New Jersey pharmaceutical firm Becton, Dickinson and Company has won approval from the U.S. Food and Drug Administration for a fast, easy-to-use test for novel coronavirus infections.
At first glance, the Veritor test system from BD, as the company is widely known, might seem like exactly the thing public-health officials have been clamoring for since SARS-CoV-2 first reached the United States early this year.
But a closer look at BD’s data reveals limits to the new test’s effectiveness. And that underscores how difficult it can be to quickly develop a coronavirus test that’s both fast and accurate.
ADVERTISEMENT
The FDA approved BD’s testing system for emergency use in a July 2 letter. The approval expires when the federal government ends its official state of emergency in response to the pandemic.
The basic Veritor system, which retails for around $500, isn’t actually new. The medical industry already uses it to quickly test for flu infections. What’s new is the special “assay” for the novel coronavirus. You swab a patient, stick the sample in a vial containing a special cocktail of reagents, squirt the sample onto a plastic card then slip the card into a palm-sized test unit.

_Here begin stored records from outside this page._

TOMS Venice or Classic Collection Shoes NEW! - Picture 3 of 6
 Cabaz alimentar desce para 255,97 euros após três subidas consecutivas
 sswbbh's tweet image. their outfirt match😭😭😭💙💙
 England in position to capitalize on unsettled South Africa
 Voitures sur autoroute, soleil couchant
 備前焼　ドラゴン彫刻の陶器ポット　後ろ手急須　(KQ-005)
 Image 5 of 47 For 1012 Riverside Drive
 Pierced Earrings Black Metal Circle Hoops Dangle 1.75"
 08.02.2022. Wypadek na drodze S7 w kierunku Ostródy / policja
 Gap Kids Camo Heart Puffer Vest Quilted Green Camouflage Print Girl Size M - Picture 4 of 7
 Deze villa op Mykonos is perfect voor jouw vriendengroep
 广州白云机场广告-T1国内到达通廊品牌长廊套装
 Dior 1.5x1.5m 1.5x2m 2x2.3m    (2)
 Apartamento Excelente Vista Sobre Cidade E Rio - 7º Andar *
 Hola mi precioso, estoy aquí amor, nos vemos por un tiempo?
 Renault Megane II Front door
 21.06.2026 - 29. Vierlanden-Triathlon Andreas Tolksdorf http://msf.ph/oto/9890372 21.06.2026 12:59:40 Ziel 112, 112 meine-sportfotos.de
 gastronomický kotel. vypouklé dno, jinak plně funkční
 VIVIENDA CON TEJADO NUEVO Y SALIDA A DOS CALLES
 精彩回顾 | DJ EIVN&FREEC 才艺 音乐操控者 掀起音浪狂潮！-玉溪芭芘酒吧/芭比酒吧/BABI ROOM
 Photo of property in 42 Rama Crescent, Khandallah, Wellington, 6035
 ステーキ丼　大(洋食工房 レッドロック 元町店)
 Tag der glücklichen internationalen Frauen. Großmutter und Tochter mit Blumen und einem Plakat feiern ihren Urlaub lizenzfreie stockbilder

In 15 minutes or so, the unit’s digital display tells you whether it thinks the patient has the virus.
In theory, the rapid “point-of-care” test meets an urgent need. “We’re trying to make this something that’s not a whole lot more complicated than a pregnancy test,” Keith Jerome, a University of Washington virologist, told The Daily Beast in March.
But that’s easier said than done, Jerome stressed. Highly accurate testing usually requires complex equipment. “There’s a reason why we do it in a big, complicated lab,” he explained.
As it turns out, the Veritor machine with a coronavirus assay accurately detects the virus only 84 percent of the time, BD found after a trial involving 226 patients in 21 locations. Laboratory molecular tests, by contrast, are nearly 100-percent sensitive but can take days to complete.
“Negative results should be treated as presumptive, do not rule out SARS-CoV-2 infection and should not be used as the sole basis for treatment or patient management decisions, including infection control decisions,” the FDA warned.
Poor sensitivity doomed an earlier, 13-minute coronavirus test from Chicago-based pharma Abbott Laboratories that the FDA approved for emergency use in March. President Donald Trump even touted the test on the White House lawn.
But some users were disappointed. The Cleveland Clinic told NPR the Abbott test delivered a false negative nearly one time out of six. In April, the FDA issued revised instructions for the Abbott test that the agency hoped would improve the test’s sensitivity.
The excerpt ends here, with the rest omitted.